Top of Data to use

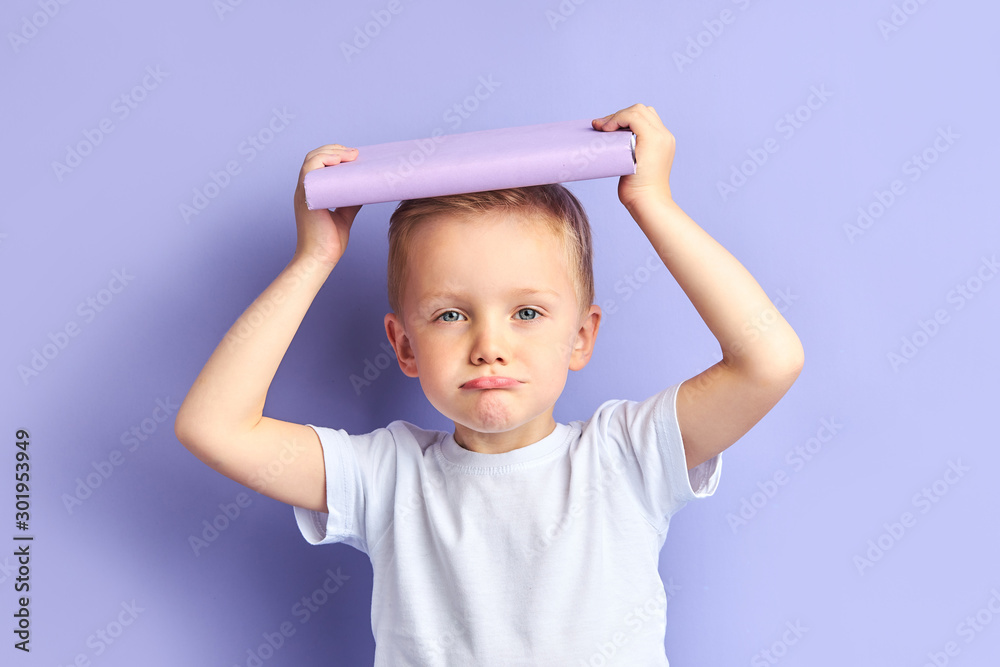 Sad face of child. Caucasian little boy tired of reading book, hold book above head. Kid's expressions of upset and fatigue, isolated purple background Sad face of child. Caucasian little boy tired of reading book, hold book above head. Kid's expressions of upset and fatigue, isolated purple background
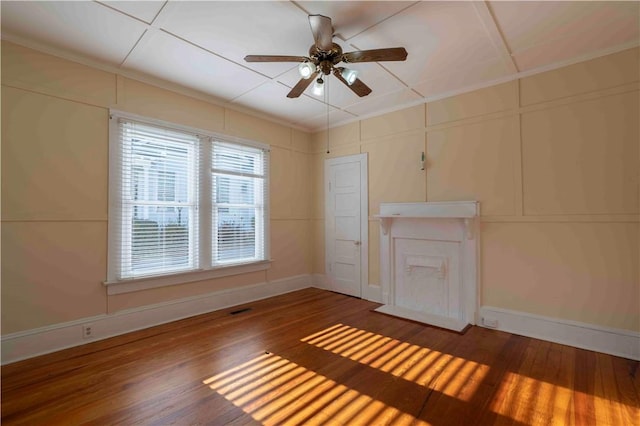 spare room featuring dark hardwood / wood-style flooring, ceiling fan, and ornamental molding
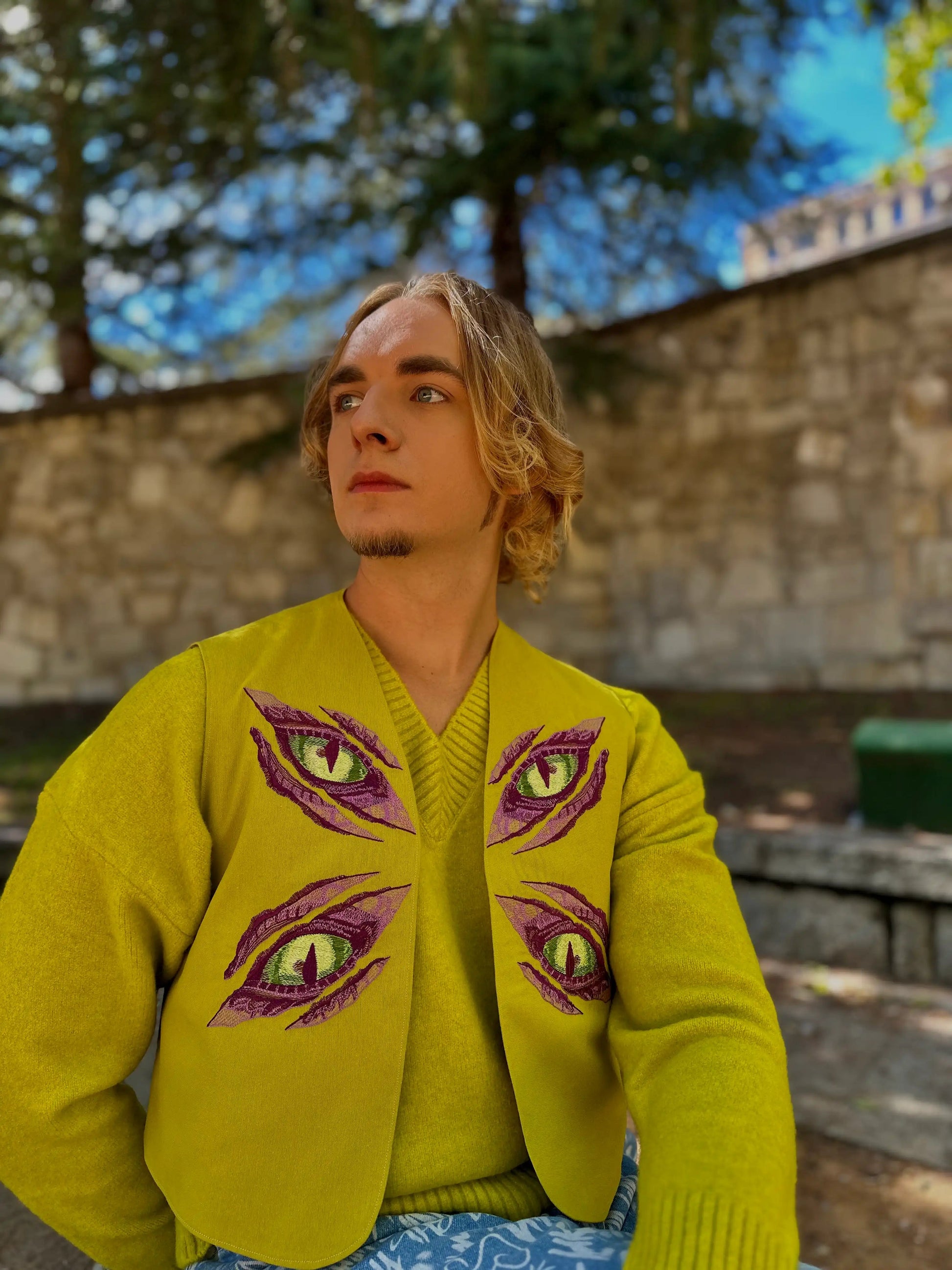 Person wearing a bright green sweater with eye designs outdoors.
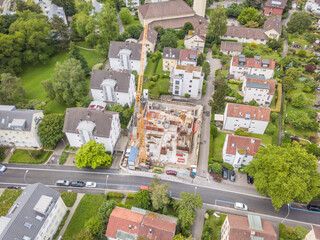 Aerial view of construction site in Switzerland with large crane.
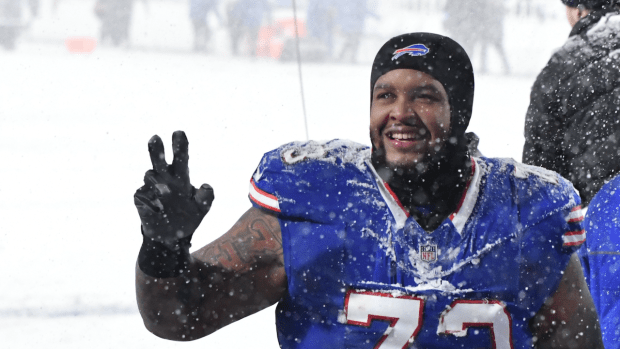 Dec 1, 2024; Orchard Park, New York, USA; Buffalo Bills offensive tackle Dion Dawkins (73) leaves the field after winning a game against the San Francisco 49ers to clinch the AFC East title at Highmark Stadium.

Bottom of Data to use

Required action:
Set down, exactly as written, each line from the one that contains "spare room featuring" to the last line of the records, but none of the pictures.

Task answer:
 spare room featuring dark hardwood / wood-style flooring, ceiling fan, and ornamental molding
 Person wearing a bright green sweater with eye designs outdoors.
 Aerial view of construction site in Switzerland with large crane.
 Dec 1, 2024; Orchard Park, New York, USA; Buffalo Bills offensive tackle Dion Dawkins (73) leaves the field after winning a game against the San Francisco 49ers to clinch the AFC East title at Highmark Stadium.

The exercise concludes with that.